Thursday, May 28, 2009

100% accurate

Coach Dale passes this along:

Wednesday, May 27, 2009

Good advice?

In the course of emailing a student worrying about her grade for the semester, I wrote something that I think is actually pretty good:
That said, to paraphrase Lyndon Johnson when describing the value of the vice-presidency, GPA is worth a warm bucket of [spit]. I know it is something one worries about when in college, because it is the only barometer one has at the time, but really, it is a very poor predictor of future success. In whatever career you decide to pursue, people will judge you based on the interactions you have with them -- within 5 minutes of meeting you, people of importance will know if you are an idiot or not -- and that judgment is really all that matters.

I'm not saying don't try hard to get good grades, but I am saying that it is far more important that you understand the material and, in a broader, why-am-I-in-college-sense, figure out what really gets you intellectually excited. People who don't like their jobs don't feel that way because their job is mentally hard, but rather because it doesn't engage their brain. Likewise, people who do like their jobs don't feel that way because it is as easy as high school, but rather because they're not staring at the clock every day waiting for it to hit quitting time.
Judge Smails continues on medical ethics:
I think I agree with most of what you said about the medical ethics issue. For me, some things your post made me think about:
(1) Are we dealing with a born child or a fetus? From the current legal standpoint, a fetus shouldn't really qualify for any protection from society against idiotic parents. So I think that means i agree with you: once we accept that people can abort babies for any reason (including "I don't feel like being pregnant anymore"), then I don't think there's a legal line to be drawn about aborting babies because you don't like their eye color. Similarly, if people want to have "natural" babies, even one's with down's syndrome, it's hard to say no, given that we think they should be able to abort. Of course, this means we have to accept as legit people who want to give their child pre-natal care via prayer only. I think.

I think it's much harder with already-born babies, especially when you get to cases in which treatments have possible fatal side effects and "not doing anything" involves no chance of death. So you're taking risks to increase quality of life. I don't know how to think about this. Even worse is when you're dealing with an almost certain possibility of death whether you treat or not, but treating involves horrific pain. Would I get my daughter a bone marrow transplant if it gave her a 5% chance to live and otherwise she dies? I probably would. Could I stomach the government requiring that people do that? No.

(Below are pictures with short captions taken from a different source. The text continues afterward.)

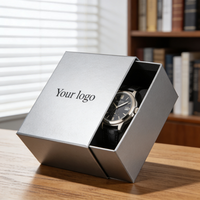 Boîte cadeau biodégradable personnalisée en gros avec tiroir coulissant, gaufrage créatif, design à tirer, boîte en papier pour montres, bijoux, souvenirs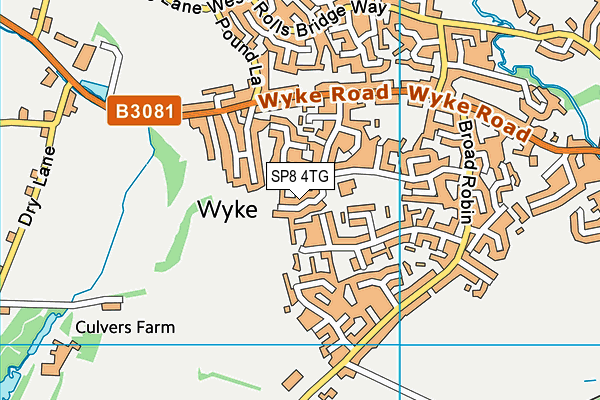 SP8 4TG map - OS VectorMap District (Ordnance Survey)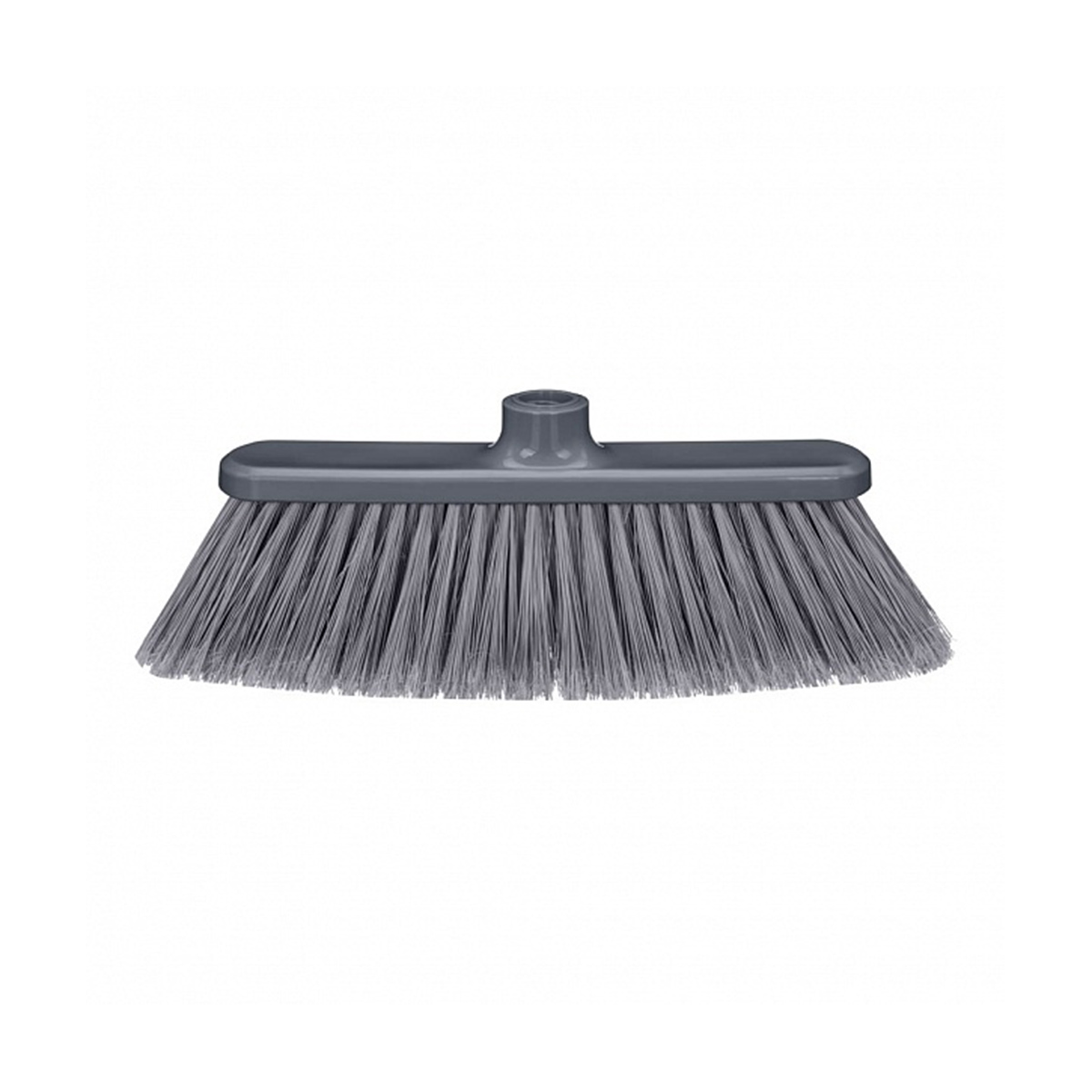 Щетка для пола "эконова" с рукояткой (серая) (1/24) "бытпласт"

(2) If we forget the law, and just ask "Given the pro-choice world, what would I counsel my sister to do?" I think the decision largely rests on a cold calculation based on invasivness, probability of disease, and quality of life. I concur with you that in the case of horrific childhood diseases that always result in severe handicap and early death, when the parents know they are carriers, it makes sense to test --- and possibly abort. But that's the easy case. The hard case is when you're just fishing for non-fatal handicaps that don't always severely diminish quality of life, like DS. I don't think you can dismiss the miscarriage rate until you're actually sitting there talking about your own future child. Especially when the miscarriage rate is higher than the probability of having the disease. You're right that technology may wash away this problem soon, but then again, many readers of your blog might be making these decisions later this year.

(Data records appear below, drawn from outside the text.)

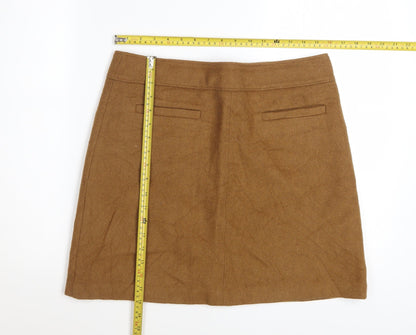 LOFT Women’s Brown Wool Blend Short Skirt Size 10 Petite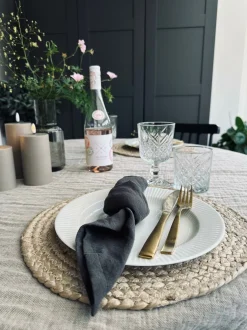 VIAMAJA Plaid vævet med kork – Nature mix Hot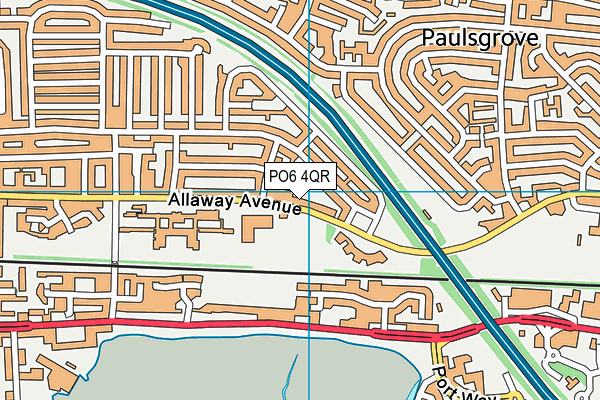 PO6 4QR map - OS VectorMap District (Ordnance Survey)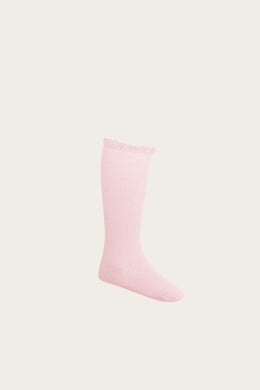 Jamie Kay frill socks - blush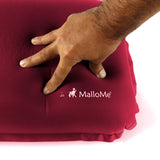MalloMe Inflatable Camping Travel Pillow Soft Foam Red - MalloMe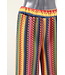 Wide leg broek "Multi Color"
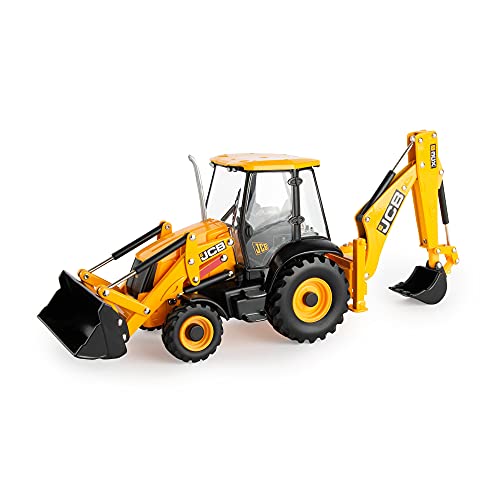 TOMY 42702 JCB 3CX Baggerlader, Britains Schiebe Spielzeug aus hochwertigem Material im Maßstab 1:32, interaktives Push Toys Spielzeug ab 3 Jahren, für Fans von originalgetreuen Nachbildungen von Britains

For me, I would personally find it almost impossible to counsel someone to abort a baby simply because it had down's syndrome. In fact, I think I can safely say that I look down upon people who do so. I wouldn't look down on someone who aborted a baby with Angelman's syndrome or something horrific like that, but I'd have a hard time telling them to do it. But that largely has to do with one's opinions of abortion, pro-choice or not.

And, of course, I think some cases are just beyond the pale, even though they are highly realistic: If someone told me they were aborting a baby because they wanted the other gender, I'd probably have to stop being friends with the person.

(3) What about government action to "force" treatment? To me, this is the most interesting question. We can think of all sorts of things that, if we eliminated them from society, it would just be more efficient. Even dumb things: closest to my heart is left-handedness. If we could just get rid of all the lefties, there'd be a significant economic gain via the synchronization of education and the reduction of highway fatalities. We'll probably be able to eradicate "gay" as well. And from an economic standpoint, there's little reason not to.

Still, it's very scary to me to think about the government makign these decisions. It seems inconsistent to say "you can kill the fetus, but if you choose not to kill the fetus, you have to get it this treatment." On the other hand, we require vaccinations to go to the public schools, so why not.

First, a minor point: I ignored the 1% miscarriage risk of amnio only in the context of a 25% chance of a Batten Disease child. Unless you're specifically worried about something, like Batten Disease, Tay Sachs, or you're high risk for something like Downs, the benefits probably don't outweigh the costs. Now, in the context of Down Syndrome, which I believe is one of the more common positive results from an amnio, I do think one's socioeconomic status legitimately plays a role in one's decision to abort. Certainly it helps to be well-off with a strong network of family to help out, and I can't say I'd look down on someone who was worse off if she chose to abort a DS baby.

As for the vaccinations, a very interesting point, but I think there is a difference. From an epidemiology standpoint, there's very little difference to having only some people vaccinated and having no one vaccinated. In other words, one person's refusal to be vaccinated can have a direct negative consequence on the next guy (especially if the next guy is very young or very old) -- it is a bad idea to have anyone in the population carrying the disease, even if for them it isn't lethal, it might be for someone else.

Morning TV

Since I'm driving into work these days, and since I really hate sitting in traffic (how do people do this every day of their lives?), I'm attempting to hang out at home in the mornings until the traffic dies down and then leave for work at about 9am. Likewise I work a little later into the evening, for the same reason. Because of this, and because I know a guy who will be on later in the show, I currently have the Today Show on the teevee. How do people watch this? Today's big story is some girl & mother that were apparently kidnapped in Pennsylvania. So what does the Today Show think will be a good thing to do? Put on the father and ex-husband of the two! And then ask him how he is feeling!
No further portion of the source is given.